Shakespeare has two jokes. One is two people looking like each other.
But what is the second?
“Guy walks into a bar…”
Sorry, I’ve never heard anybody say this before. He reused plot devices sometimes, and a missing twin was popular - he used disguises a lot, too - but not two jokes.
are you referring to mistaken identities in the dark, as in MidSummer Night’s Dream or Much ado About Nothing?
I’ve never heard of “Shakespeare’s other joke,” either; but if I had to guess, I’d say that maybe it’s the ‘play-within-a-play’ gag that he seems to get a lot of mileage out of?
Women dressing as men gets the most mileage (even better when the woman has a twin brother to which she looks identical when in disguise! ;))

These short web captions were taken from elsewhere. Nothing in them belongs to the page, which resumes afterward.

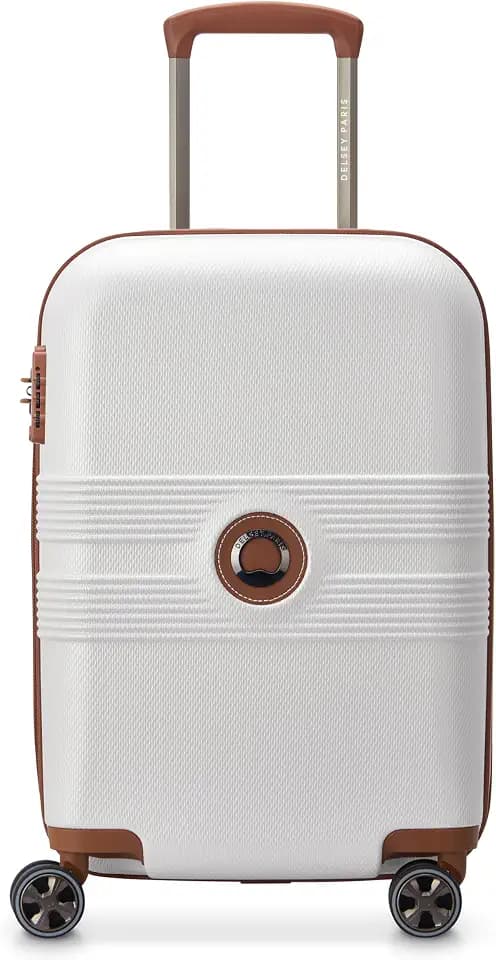 DELSEY PARIS Flanerie SE - Hardside Carry-On Luggage 19 Inch - 360° Dual Spinner Wheels - TSA Lock - Lightweight Polycarbonate Travel Suitcase with Vegan Leather, Champagne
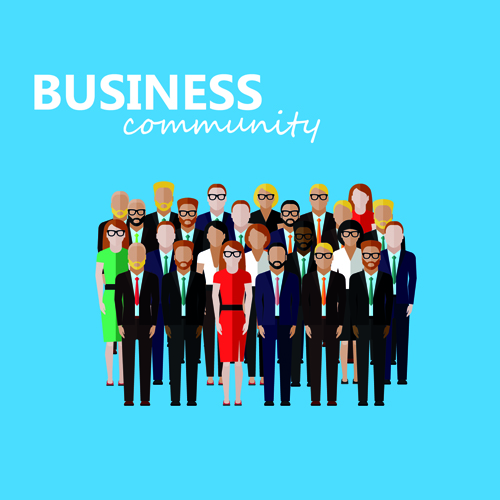Peoples business design background vector 03
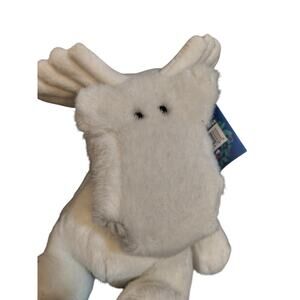 VINTAGE SEARS WINDSOR COLLECTION WHITE MILTON MOOSE STUFFED ANIMAL PLUSH TOY TAG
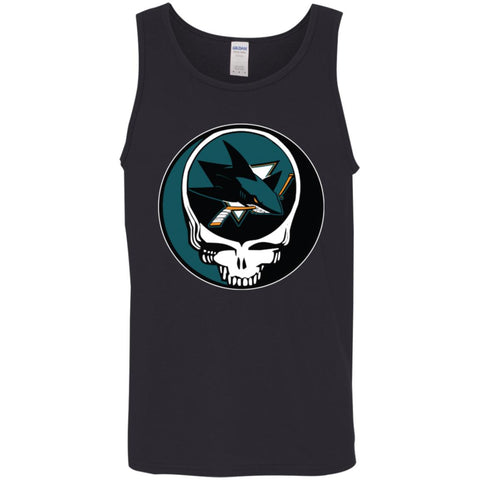 San Jose Sharks Grateful Dead Steal Your Face Hockey Nhl Shirts Men Cotton Tank Black / X-Small Men Cotton Tank - parenttees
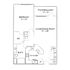 Inviting 1-bedroom apartment floor plan with a spacious living and dining area, modern kitchen, and private patio in a cozy setup.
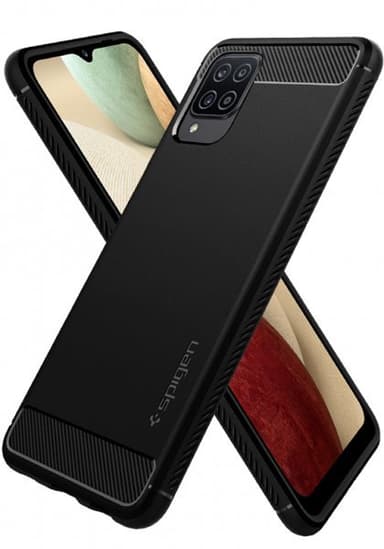 Spigen Samsung Galaxy A12 Skal Rugged Armor Matte Black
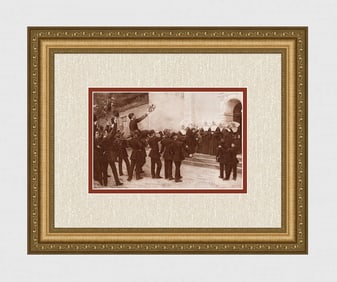 Charles Cres 1800s Antique Print Cadet's Visit Mother Superior Framed Signed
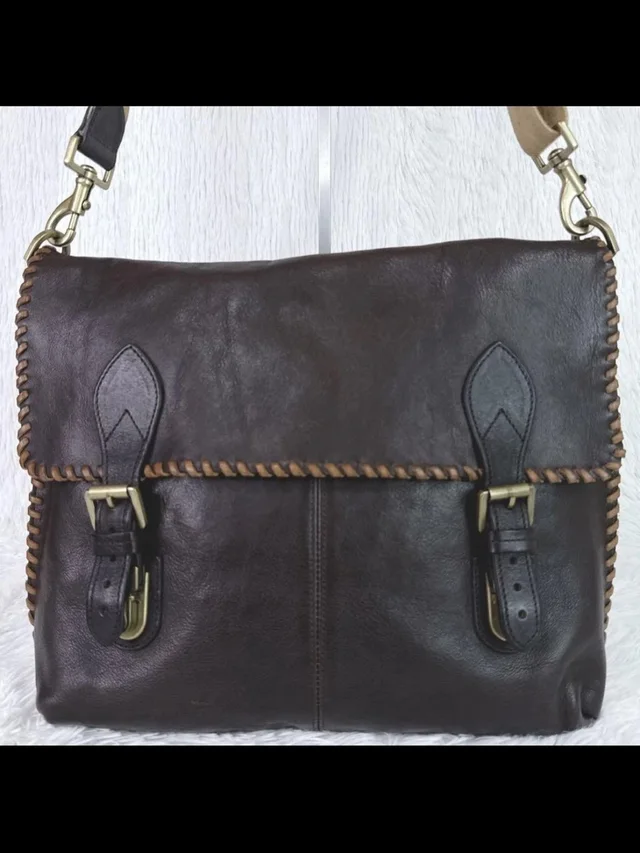 Mulberry Dark Brown Leather Messenger Bag With Whipstitch Trim in brown|red Leather from Poshmark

I just saw Twelfth Night in Ashland a week ago … loved it!
HECK YES you did! Isn’t Robin Nordli (the actor playing Olivia) amazing? She’s one of my favorite actors here.
Did you see anything else while you were in town?

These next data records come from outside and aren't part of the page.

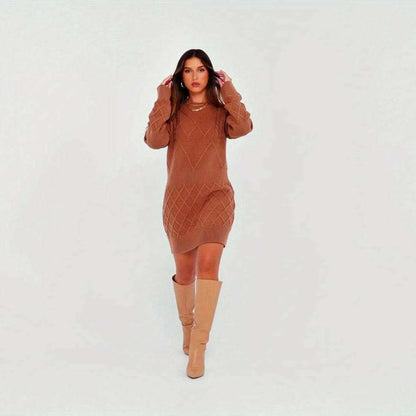 Oversized Chunky Ribbed Knit Sweater Dress for Women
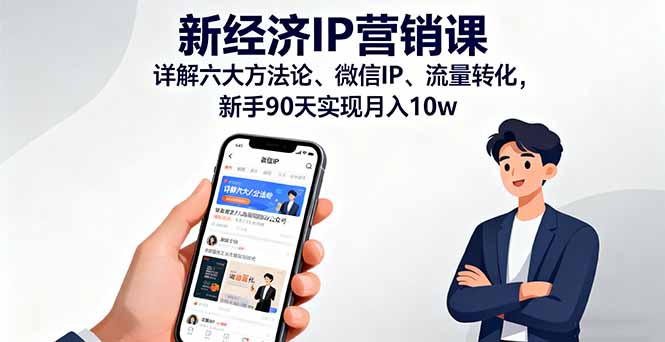 新经济IP营销课：详解六大方法论、微信IP、流量转化，新手90天实现月入10w-α阿尔法Trader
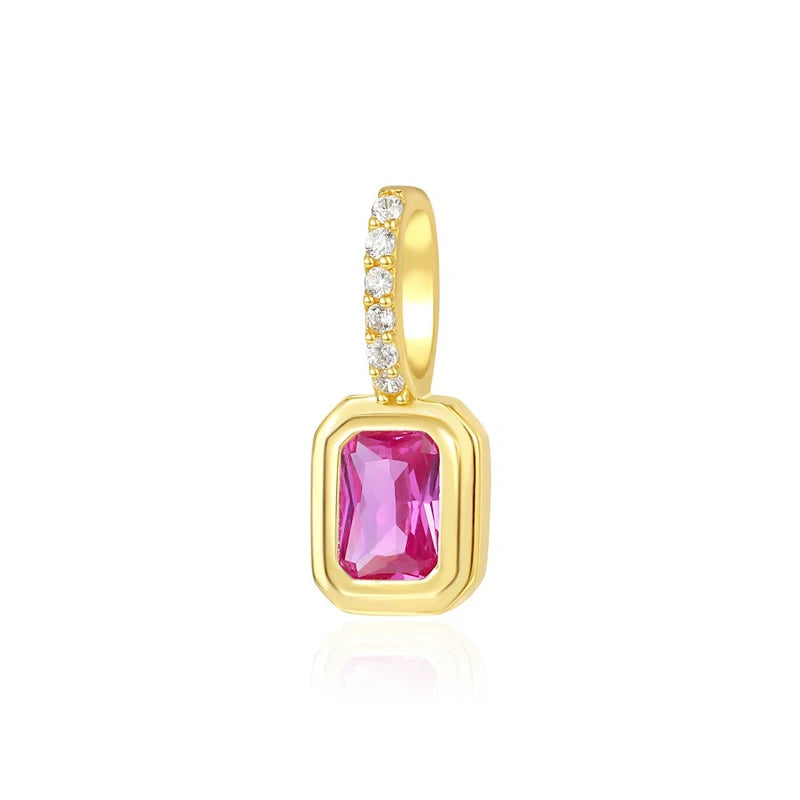 TSquare Colored Zircon Charm Pendant  DZ1695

A traveller weary did enter a local tavern
And brought with him a duck whom he did love
But met he not so great a welcome there
When from behind the bar the good proprietor
Cried “Stop! and bring no turkey fowl in here!”

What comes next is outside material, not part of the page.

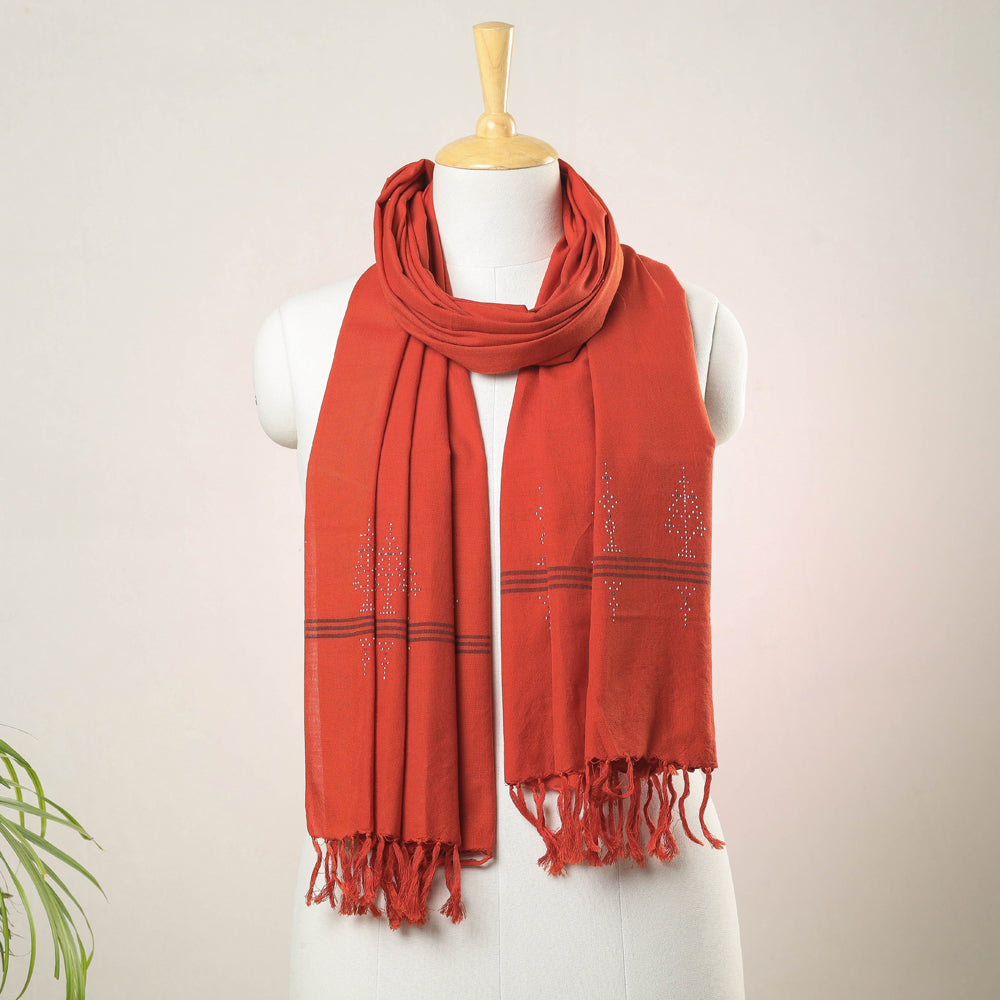 Tangaliya Work Handwoven Cotton Stole with Tassels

And laughed the traveller to hear such vain protest,
“Thine eyes deceive or do they fail with age?
Have thou indulged unwise in ale and wine?
For certain any child can know and see
I carry here no turkey but a duck!”
In turn did speak the barman to the tramp
“T’was not to you I spoke, but to the duck!”
I don’t know if you’d call it a joke, but he uses the idea that a man can’t tell one woman from another in the dark (as in Measure for Measure). It was already a venerable theatrical device when Shakespeare was born.
I just read in the New York Times today that the title “Much Ado About Nothing” is a play on “Much Ado About An O Thing”.
“O Thing” apparently referring to female genitalia. Does this make any sense to anyone?
Is that serious? Because it sounds pretty ridiculously post-hoc.
In his will, he leaves his wife his “second-best bed”.
Some might regard that as humor.
I’m certain she didn’t…
Are you talking to me?
That is serious. The article was about curse words in society through the ages. That tidbit jumped out at me as a little bit of a reach.
I was thinking, “I gotta fnd some learned doper’s opinion on that”. Sounds a little like bunk.
I don’t know about “Much Ado about an O Thing”, but a lot of Shakespeare’s jokes are puns, often very vulgar ones:
So, were Ophelia and Hamlet thinking about “an O thing” “between maid’s legs”?
‘country matters’ is the euphemism in the above quote, not some spurious ‘o thing’ explanation.
Also from Hamlet the whole “Get thee to a nunnery” line was also PUNishment; nunnery was slang for a brothel.
Can the OP maybe drop in and say where he heard about this “two jokes” theory? I’ve performed a great deal of Shakespeare, and worked with some pretty well-read and respected people, and I’ve never heard it mentioned before.
Shakespeare had a whole pile of jokes. A lot of them were filthy. Some of them were quite topical at the time, and for some of those the full meaning may never again be known (who was the yoeman of the wardrobe, anyway?). And then there were a number of comical devices, such as the aformentioned play-within-a-play and mistaken identity bits, that he got mileage out of in more than one show.
I can’t see anyone saying that old Will was a two-joke wonder. Not seriously, anyway.
cite. He never does tell us what Shakespeare’s other joke is.
…
You’re actually Dr. John McWhorter, aren’t you?
Shakespeare’s work is saturated with sexual double-entendres. Skimming through a collection of his sonnets, it takes very little time to find poems that are thinly veiled jokes about gay sex, premature ejaculation, having a small penis… and some really nasty stuff, too.